Brooks was found guilty by a jury in the attack and sentenced to life in prison without the possibility of parole. He received a life sentence for each of the six counts of first-degree intentional homicide, to be served consecutively, along with hundreds of hours of confinement for dozens of other criminal charges.
Brooks, 40, filed a handwritten notice of intent on Tuesday to seek post-conviction relief in Waukesha County Circuit Court, initiating the appeal process.
"It is not my intention to bring any controversy before the court, but it is my intention to have this postconviction relief matter reviewed and heard as quickly as possible as there are clear issues of the law and the legal facts in this matter," he wrote in the notice, which was signed from Dodge Correctional Institution in Waupun, Wisconsin.

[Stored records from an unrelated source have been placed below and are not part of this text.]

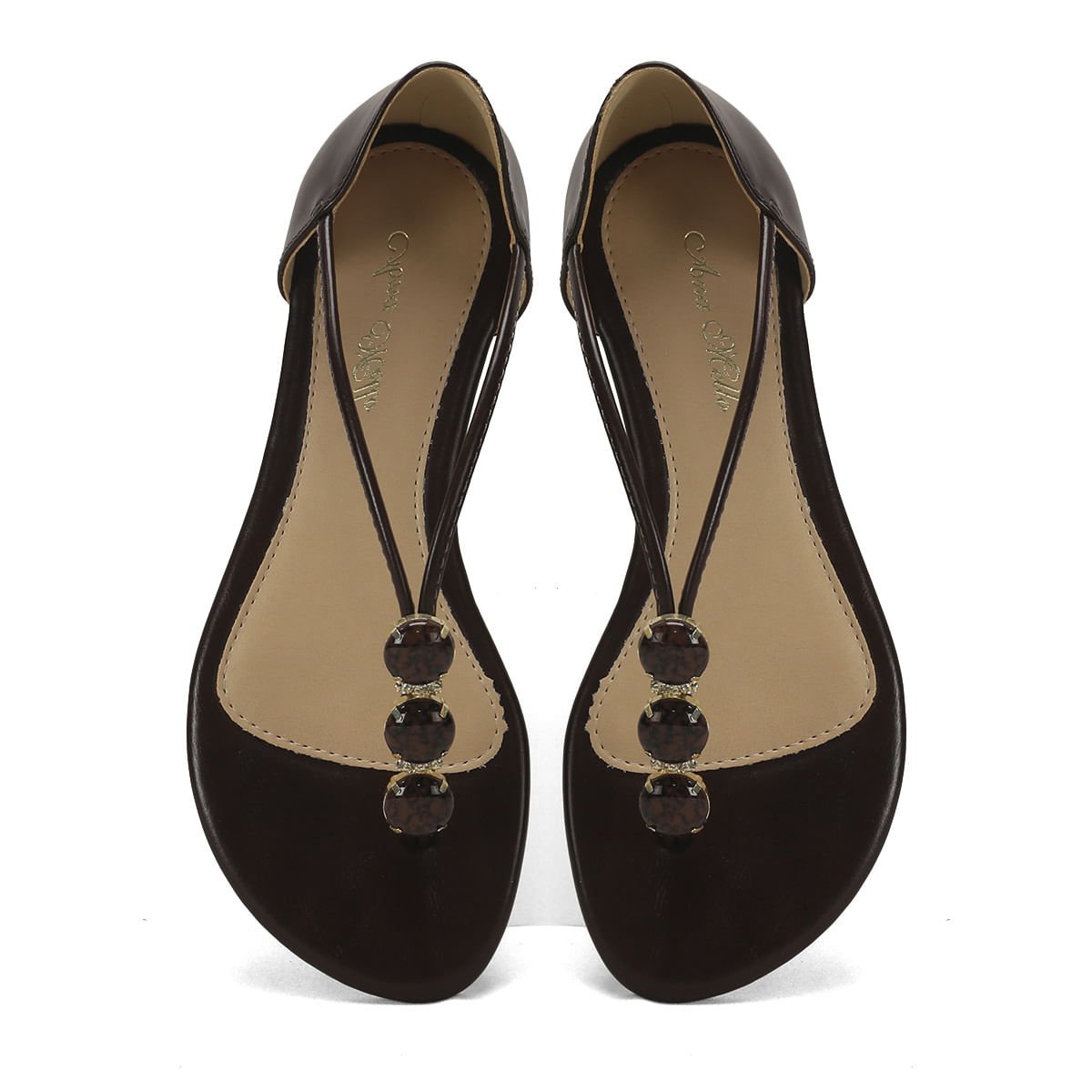 Rasteira Pedras Marmorizadas Café Calce Fácil Café 2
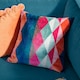 image 1 of Furn Metro Harlequin Velvet Cushion | Multi | Multicolour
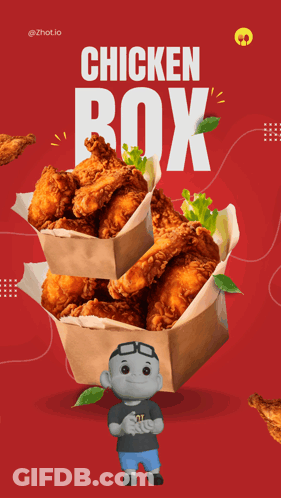 A Poster For A Chicken Box With A Boy Holding A Box Of Chicken GIF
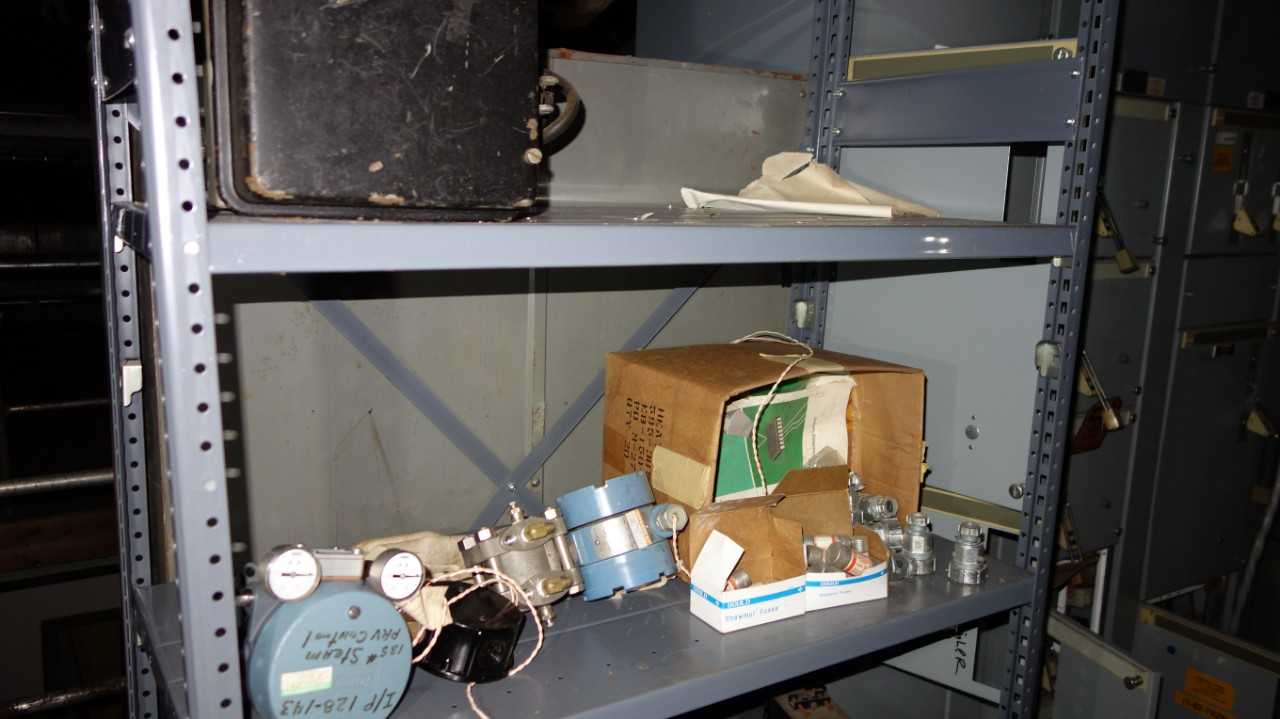 SHELVING WITH CONTENTS, ASSORTED INSTRUMENTATION - SHELVING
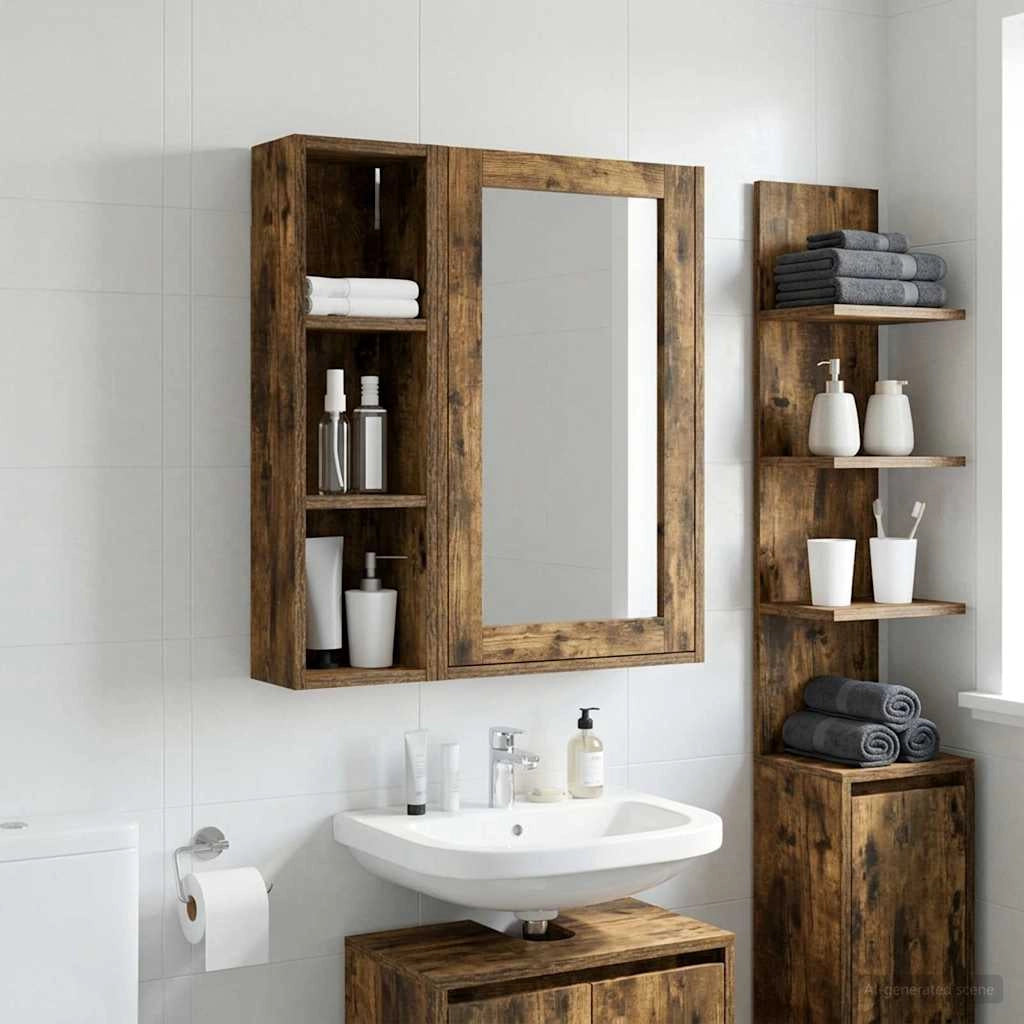 Armadio da bagno a muro Quercia Affumicata 20 x 14 x 70 cm 889299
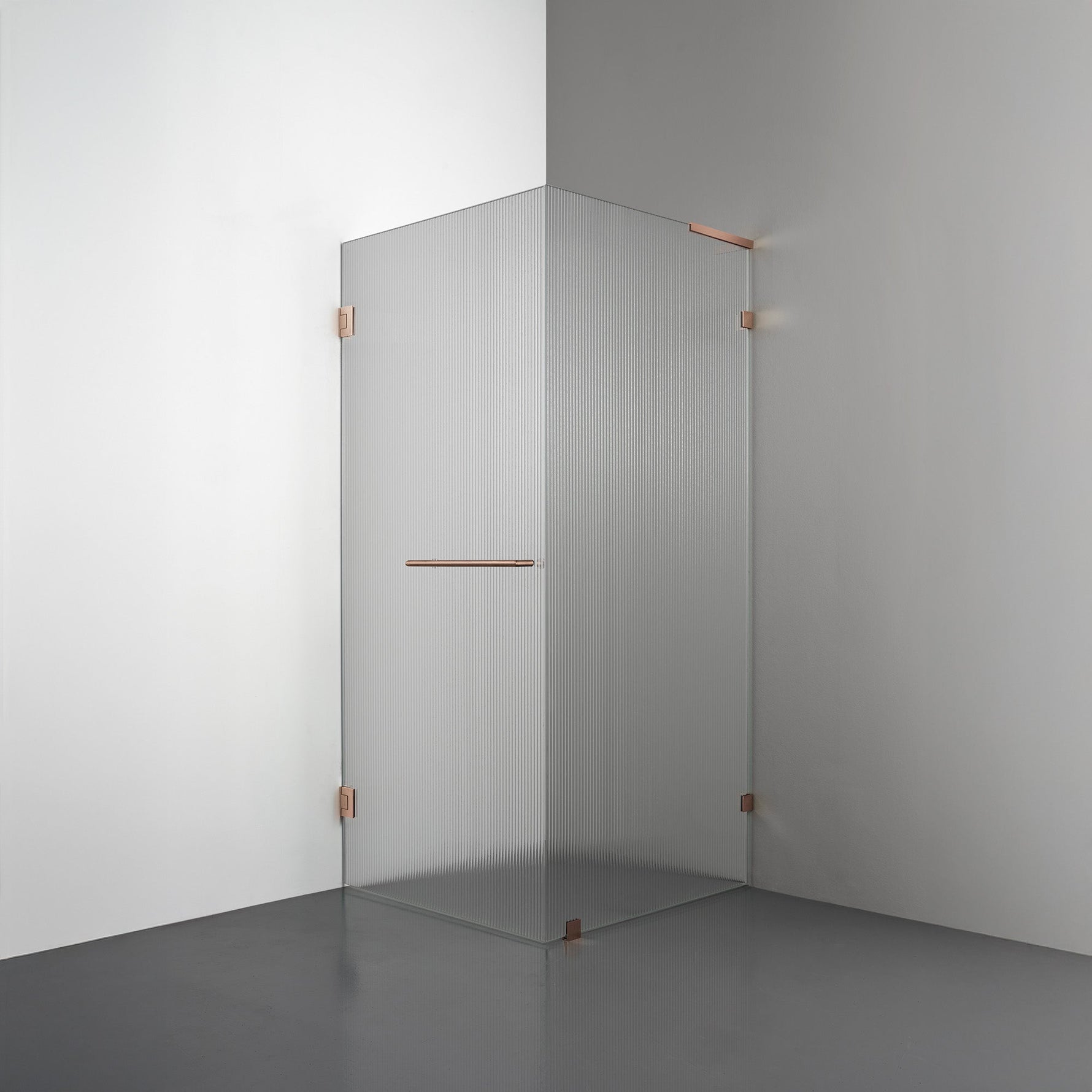 ROOH R4 Duschhörna, Räfflat glas, Copper, handtag Towelbar, Höger 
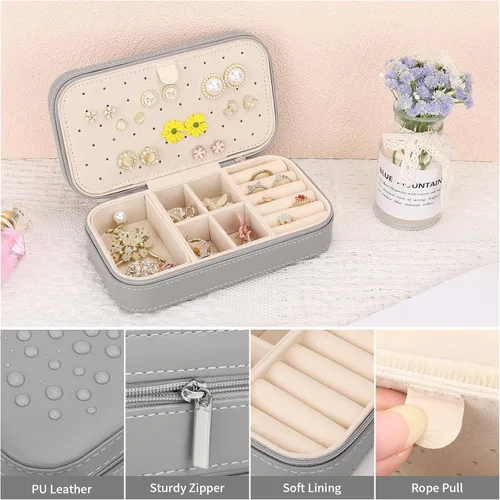 Vista 4 de DesignSter Joyero de viaje, estuche de joyería portátil de piel sintética, pequeñas cajas de joyería para regalos, organizador de joyas de viaje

Additionally, Brooks made a request to have assistance from the public defender's office. He had represented himself during the trial and was temporarily removed multiple times by Judge Jennifer Dorow for disrupting the proceedings.
Court records show the notice of intent to seek post-conviction relief was sent to the state public defender.
Brooks needed to initiate an appeal within 20 days of the sentencing, starting with filing the notice of intent to pursue post-conviction relief. The appeal process could take months, according to Wisconsin Public Radio.
A jury found Brooks guilty in October on all 76 counts for barreling his SUV into a Christmas parade on Nov. 21, 2021.
Dorow sentenced Brooks two weeks ago during a two-day hearing that featured emotional statements from dozens of victims and the family members of those killed and injured.
Dorow acknowledged that the sentencing was "largely symbolic," but told Brooks that "it needs to hold you accountable in a very real and tangible way."
Waukesha's Christmas parade is scheduled to return this Sunday for the first time since the deadly attack.